Andrew Morton's new book takes us into Da Vinci Code territory as he promises to uncover the saga of the file for the first time, calling it "a royal story the establishment tried to ban".

But before we get to any juicy revelations we must first go over the familiar ground of the king who gave up his throne to marry Wallis Simpson. Morton, who scored a remarkable scoop in 1992 with Diana, Her True Story, spices up the drama with descriptions of the young Prince Edward's dark depression and threats of suicide before he meets the married woman he believes can save him.

It was in London during the 1930s that Wallis and the prince first came into contact with senior Nazis. Among their circle was Joachim von Ribbentrop, the German foreign minister who took a shine to Wallis, at one point ordering daily bouquets of 17 carnations to be delivered to her door (rumoured to signify the number of times they slept together). The prince, meanwhile, took a keen interest in Hitler's rise, seeing his policies as the key to Germany's prosperity. In October 1937, less than a year after the abdication, the now Duke and Duchess of Windsor made an unofficial tour of Germany, dining with Goebbels and Hess and meeting the Führer at Berchtesgaden. But the duke was not alone in his admiration for the regime, and what Morton is searching for is hard evidence that he actually conspired with the enemy.

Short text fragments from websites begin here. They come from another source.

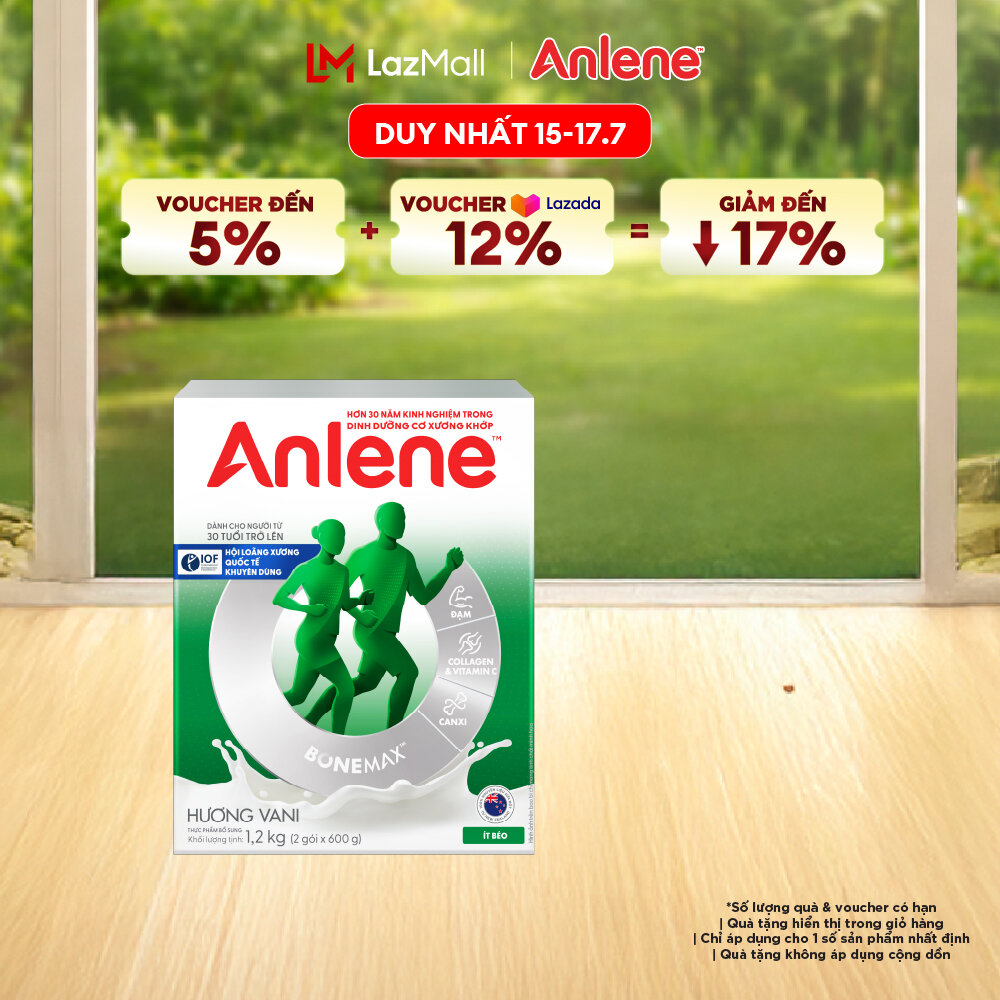 [Voucher giảm đến 26%] Sữa Bột Anlene Hương Vani 1.2Kg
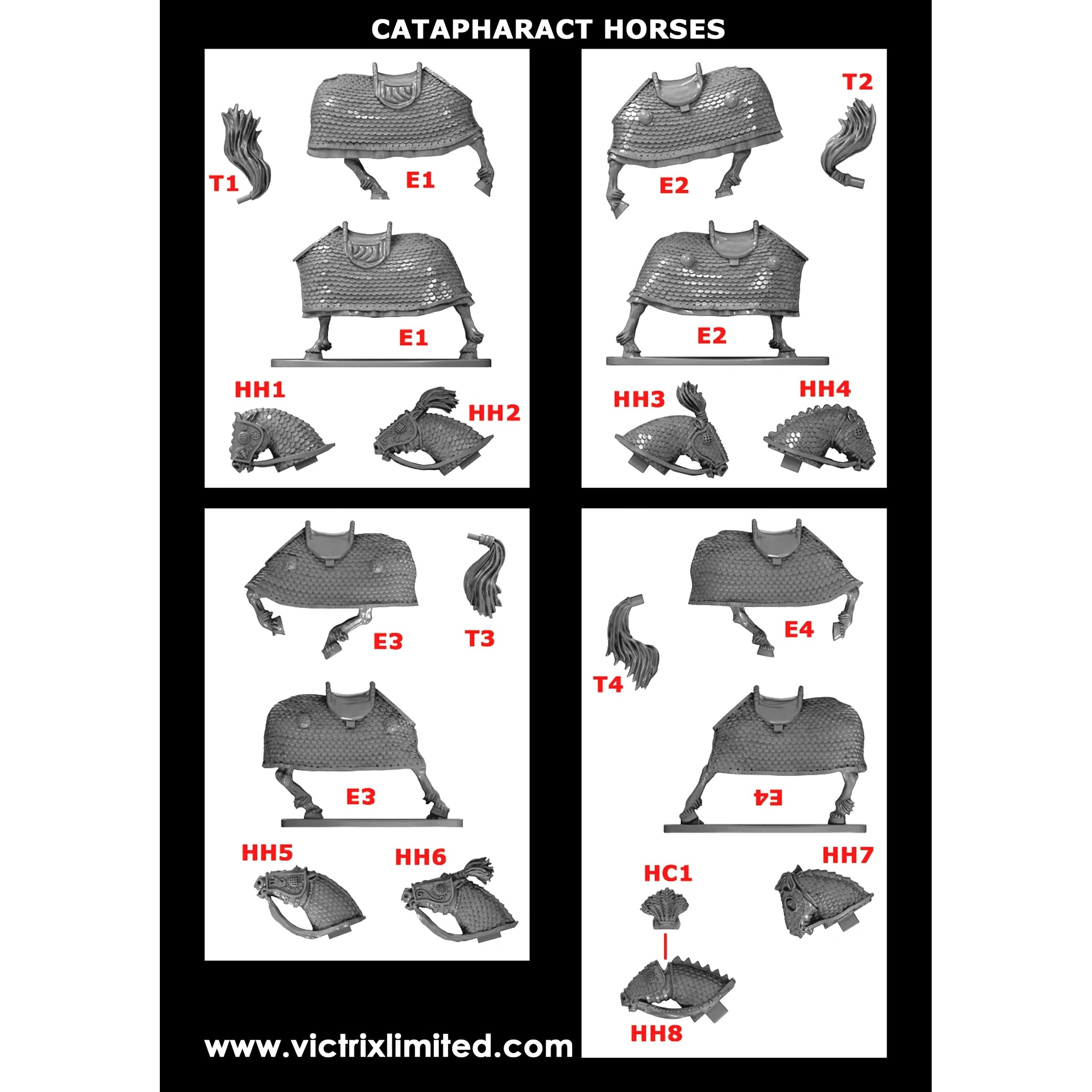 Victrix | Dark Ages Late Roman Cataphracts | 28mm Plastic Unit | North Star Games | Miniature Kingdoms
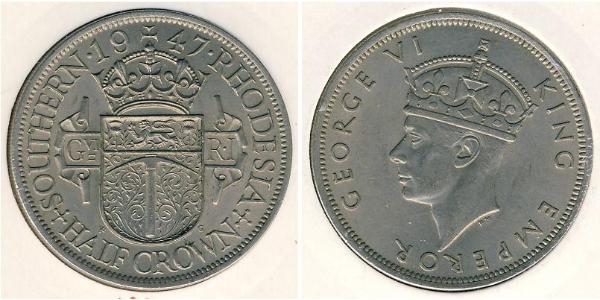 1/2 Crown 南羅德西亞 銀 乔治六世 (1895-1952)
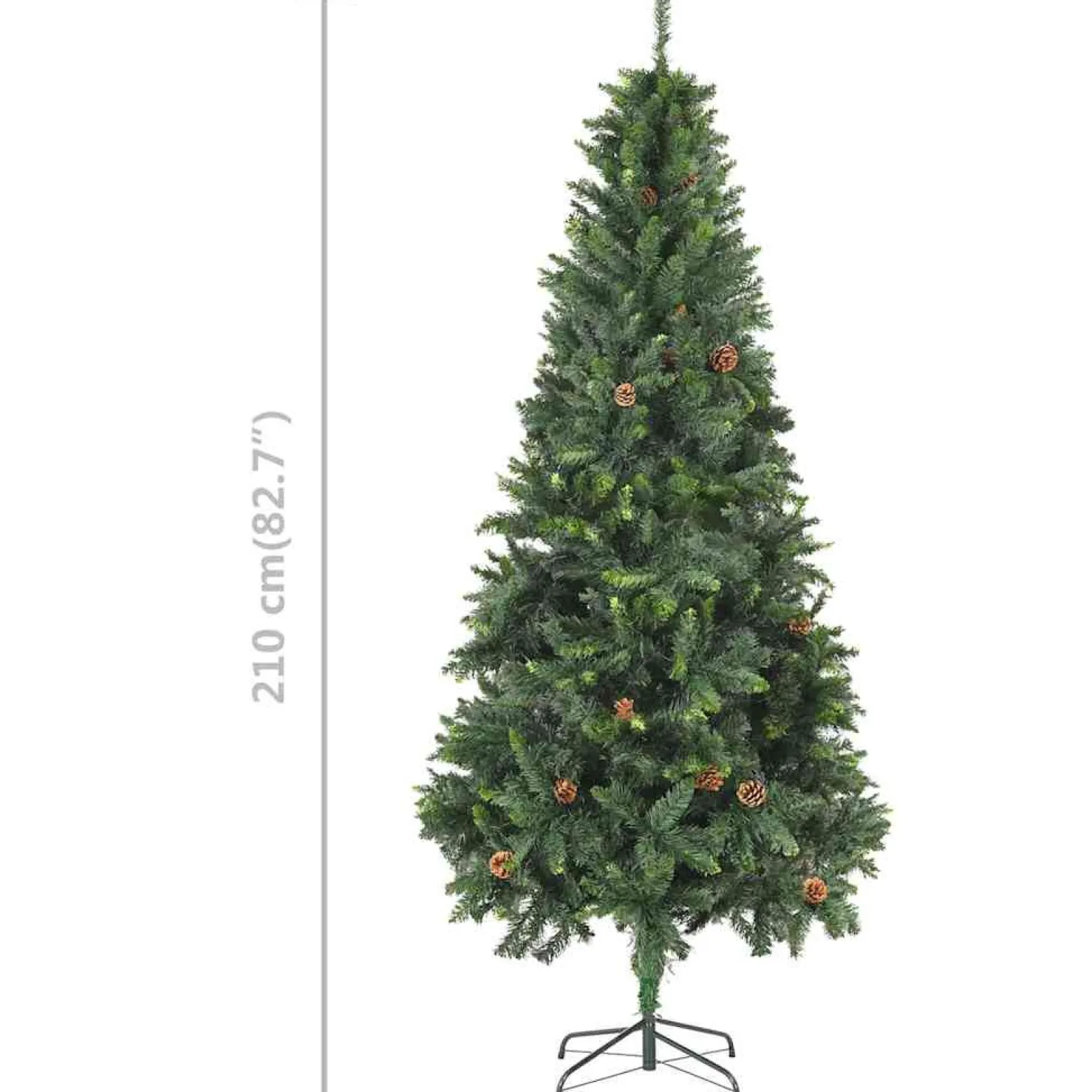 VidaXL Choinka Zielony 210 x 119 cm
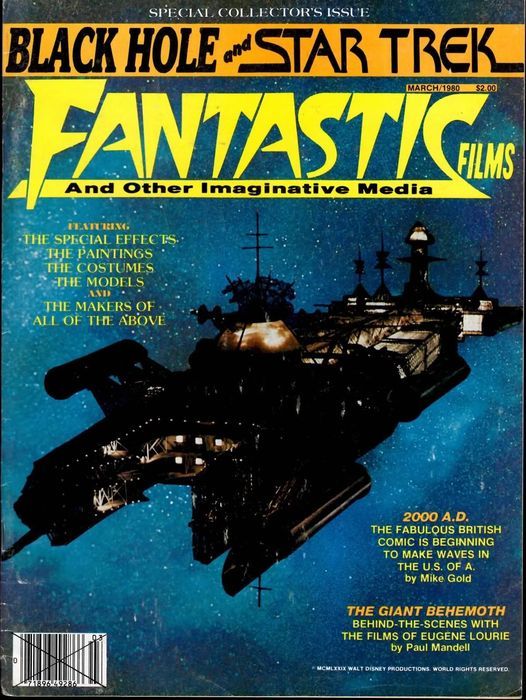 FANTASTIC FILMS magazine side cover Issue 15 March 1980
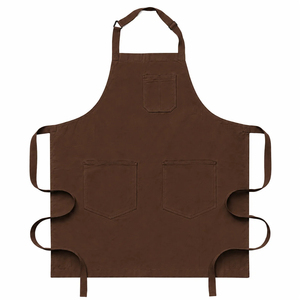 Delantal de Lona Azul Claro sin Mangas con 3 Bolsillos, Moderno y Lavable a Máquina para Cocinar y Uso Diario - Product Image 6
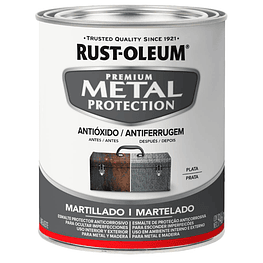 Esmalte Anticorrosivo Metal Protection 946ml Plata Martillado  - Rust Oleum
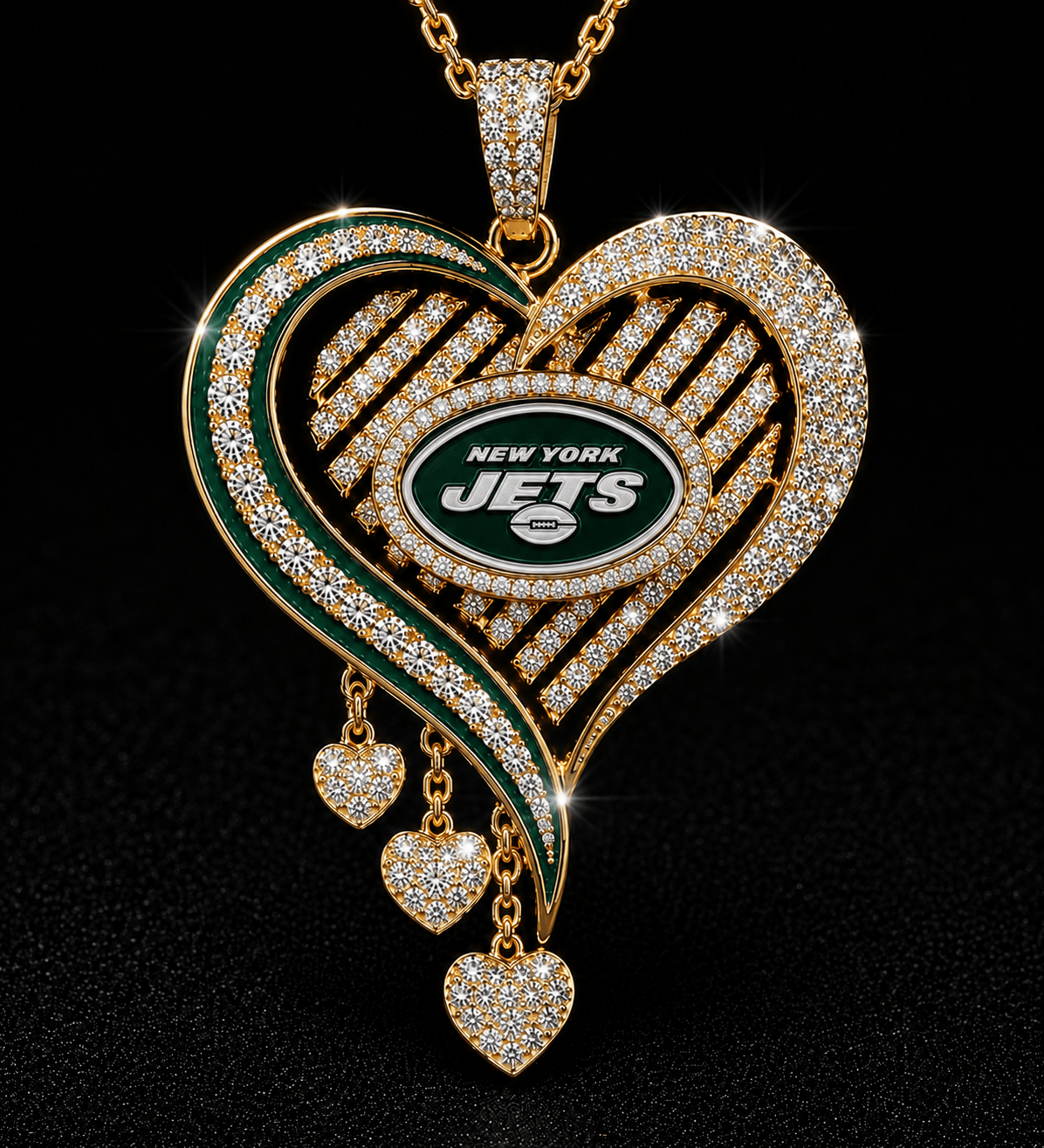 NYJ Solid Gold Chain with Diamond Pendant TMH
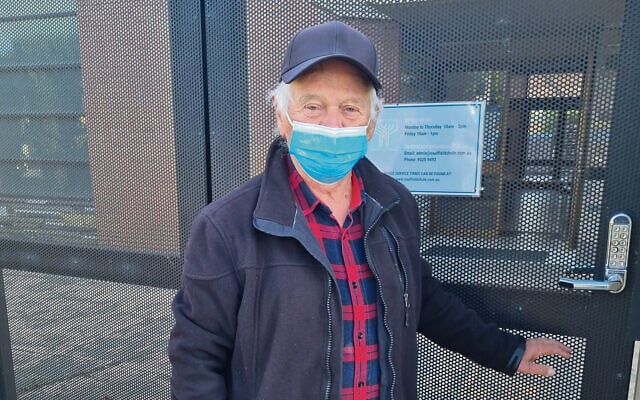 Danny Radocyn, faithful Caulfield shule caretaker for over five decades, welcomed back early minyan worshippers at 7am last Friday. Danny Radocyn, faithful Caulfield shule caretaker for over five decades, welcomed back early minyan worshippers at 7am last Friday.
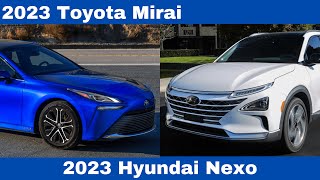 2023 Toyota Mirai Vs 2023 Hyundai Nexo The Heated Hydrogen Rivalry Comparison [upl. by Jempty]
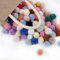 GreatRise 2-3 cm Kunstfell Pompon Fellbommel für Mützen Pelz Flauschige Pompon Ball Kunstfell Bommel für Mützen Schuhe Schals Taschen Schlüsselanhänger DIY Kreative Handwerk Gemischte Farben 10 Stück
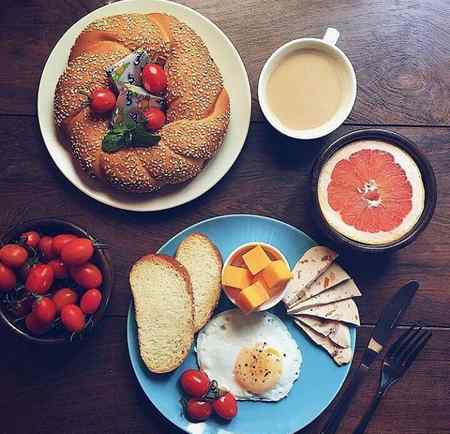 تزیین صبحانه برای مدرسه کودکان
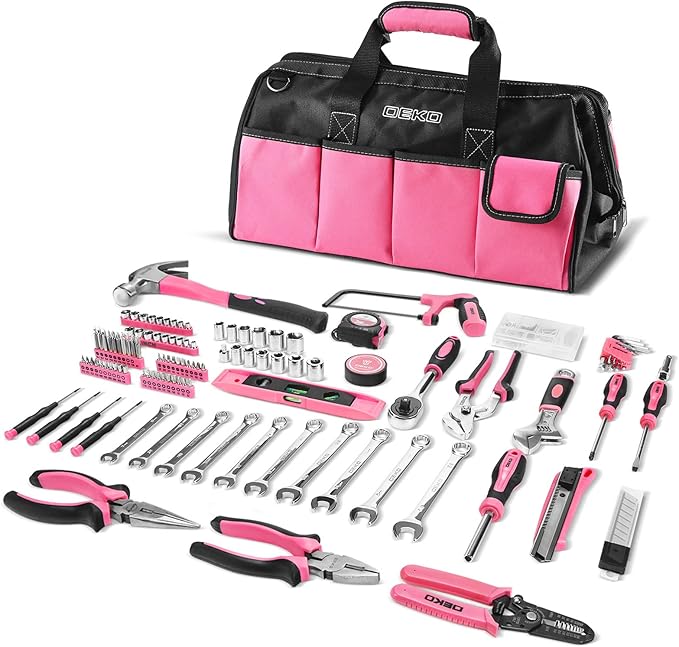 DEKOPRO Tool Kit Set Box Home Repair Tools Basic Hand Toolbox Sets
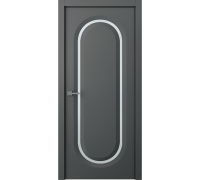 Дверь Belwooddoors Межкомнатная дверь Аргентум 1D со стеклом Эмаль графит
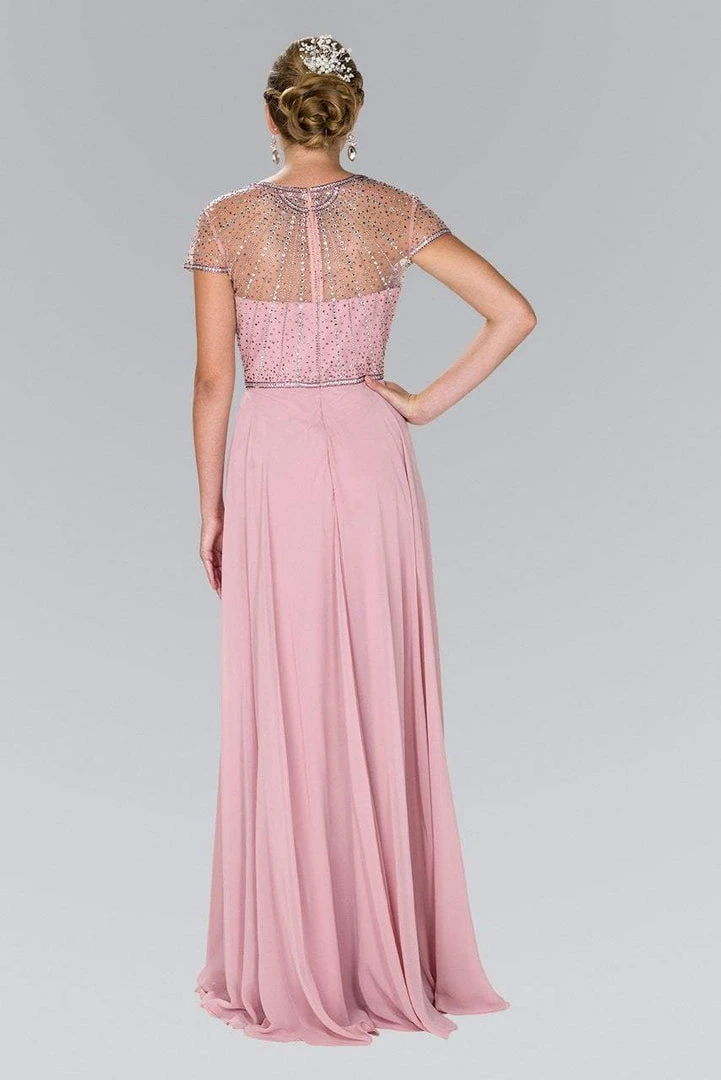 Formal Gowns Elizabeth K - GL2405 Beaded V-neck Sheath Dress 5 Formal Gowns Elizabeth K - GL2405 Beaded V-neck Sheath Dress
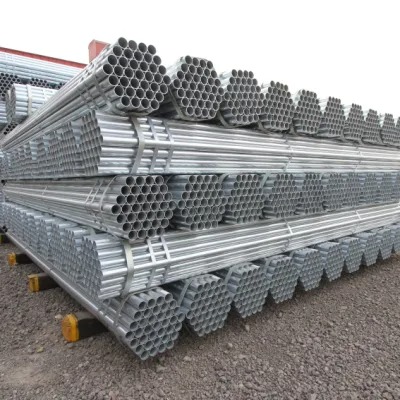 High Quantity BS1387 Standard Galvanized Steel Pipes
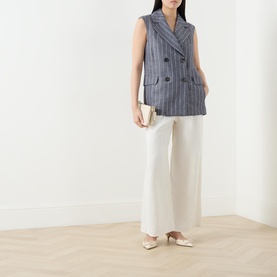 Ballo Pinstripe Double-Breasted Waistcoat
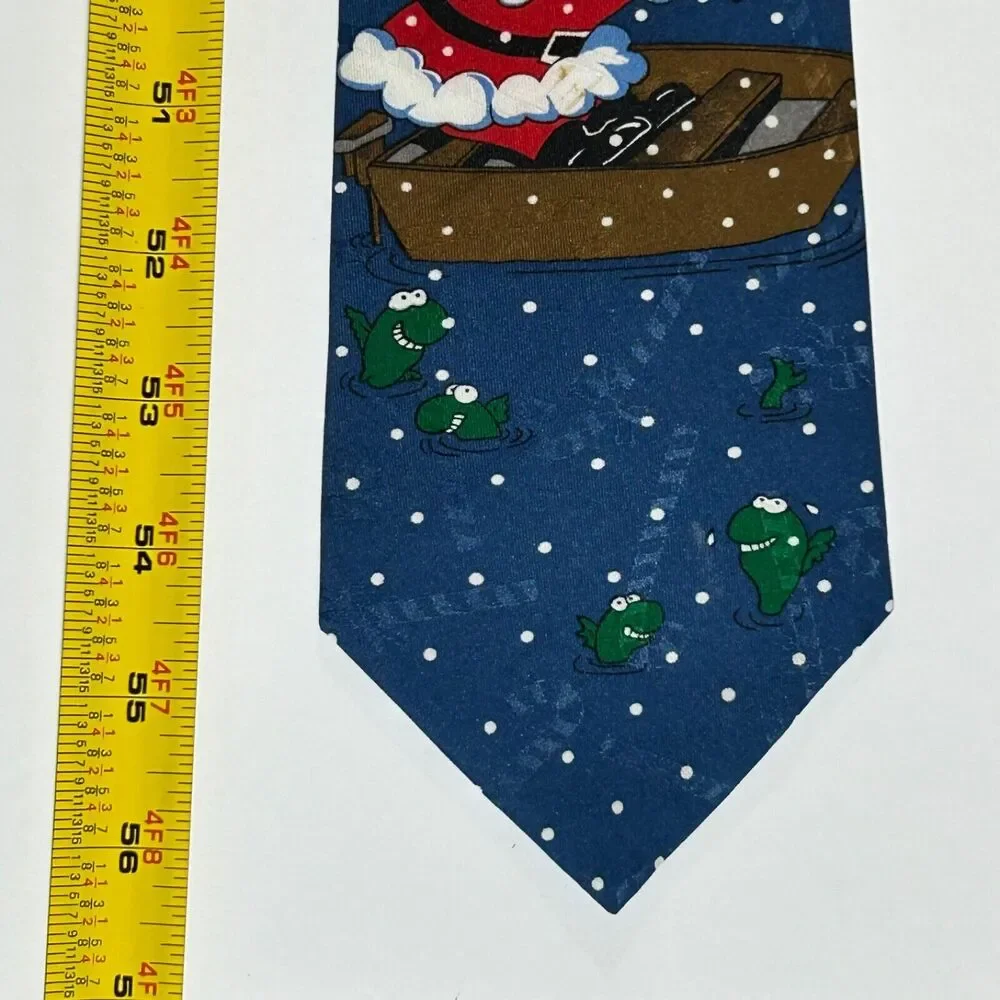 Hallmark Yule Tie Greetings Neck Tie Holiday Christmas Santa Candy Cane Lot of 2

His best chance of proof, he believes, is in the notorious Windsor File. The documents relate to the summer of 1940 when the duke and duchess fled their home in France and made their way through neutral Spain to Portugal. During their stays in Madrid and Lisbon, German diplomats relayed back to Berlin tales of the couple's treasonous talk, particularly the duke's feeling that Britain would lose the war and that an early peace would be the country's best hope. But probably the nearest the duke came to collaborating was to ask the Nazis, via diplomats, to take care of his possessions in France.

The Germans in turn considered kidnapping the duke and keeping him in Spain as a useful negotiating tool. But after some firm words from Churchill the couple eventually left Lisbon for the Bahamas, where the duke spent the remainder of the war as the islands' governor.

Following the discovery of the microfilm the details of the Lisbon episode were considered so potentially damaging to the duke, and to the wider royal family, that Churchill and Clement Attlee attempted to have the Windsor File exempted from plans to publish the German archives.

Finally, however, the historians compiling the volumes got their way and the documents were released in 1957.

In the end the exposé did little damage to the duke, who continued his idle life of luxury until his death in 1972.

So has Morton uncovered anything new? The answer is no, but as damp squibs go he has managed to make a readable and occasionally racy fist of it.